**TO DO**. Each line below must be set down exactly; omit any image you find.

**SUPPLIED INFORMATION**.
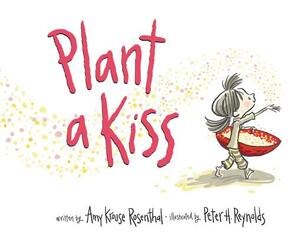 Plant a Kiss Board Book by Amy Krouse Rosenthal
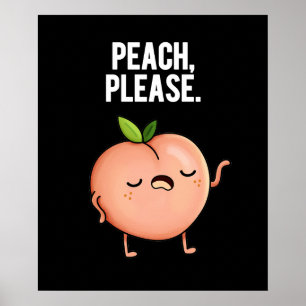 Peach, snälla... Fruit Pun-Mörk BG Poster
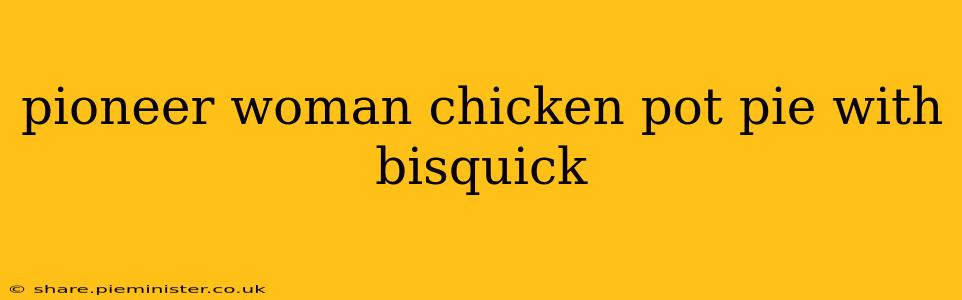 pioneer woman chicken pot pie with bisquick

**TASK ANSWER**.
 Plant a Kiss Board Book by Amy Krouse Rosenthal
 Peach, snälla... Fruit Pun-Mörk BG Poster
 pioneer woman chicken pot pie with bisquick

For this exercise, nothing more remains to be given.